Task statement:
When a line below contains the word "Thumbnail", copy that line.
··· Exercise inputs
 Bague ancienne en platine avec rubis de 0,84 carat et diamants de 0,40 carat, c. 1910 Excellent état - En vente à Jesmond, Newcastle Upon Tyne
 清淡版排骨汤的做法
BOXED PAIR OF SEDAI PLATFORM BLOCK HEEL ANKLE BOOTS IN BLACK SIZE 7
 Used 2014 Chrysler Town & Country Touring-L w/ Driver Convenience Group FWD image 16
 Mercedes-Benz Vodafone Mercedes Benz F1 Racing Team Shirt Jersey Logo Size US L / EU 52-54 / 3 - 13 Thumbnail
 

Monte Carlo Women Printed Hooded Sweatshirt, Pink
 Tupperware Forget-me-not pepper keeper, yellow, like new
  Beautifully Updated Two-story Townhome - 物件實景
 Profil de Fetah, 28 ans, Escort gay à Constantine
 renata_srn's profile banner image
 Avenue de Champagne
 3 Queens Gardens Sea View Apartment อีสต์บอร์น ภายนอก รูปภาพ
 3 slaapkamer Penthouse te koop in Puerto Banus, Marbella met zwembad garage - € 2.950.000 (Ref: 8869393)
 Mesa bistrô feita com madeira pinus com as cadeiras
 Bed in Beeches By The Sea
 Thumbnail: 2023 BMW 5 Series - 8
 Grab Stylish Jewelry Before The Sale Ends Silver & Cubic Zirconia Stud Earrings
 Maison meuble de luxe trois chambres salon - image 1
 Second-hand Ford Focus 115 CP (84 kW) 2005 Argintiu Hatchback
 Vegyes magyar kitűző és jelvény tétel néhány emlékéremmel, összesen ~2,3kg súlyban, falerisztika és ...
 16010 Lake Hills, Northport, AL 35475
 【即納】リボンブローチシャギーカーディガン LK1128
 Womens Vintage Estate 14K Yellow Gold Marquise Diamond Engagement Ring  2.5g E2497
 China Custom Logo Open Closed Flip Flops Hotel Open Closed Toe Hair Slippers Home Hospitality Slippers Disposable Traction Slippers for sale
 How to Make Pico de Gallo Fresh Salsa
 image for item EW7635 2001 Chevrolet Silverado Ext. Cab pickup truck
······
Solved exercise:
 Mercedes-Benz Vodafone Mercedes Benz F1 Racing Team Shirt Jersey Logo Size US L / EU 52-54 / 3 - 13 Thumbnail
 Thumbnail: 2023 BMW 5 Series - 8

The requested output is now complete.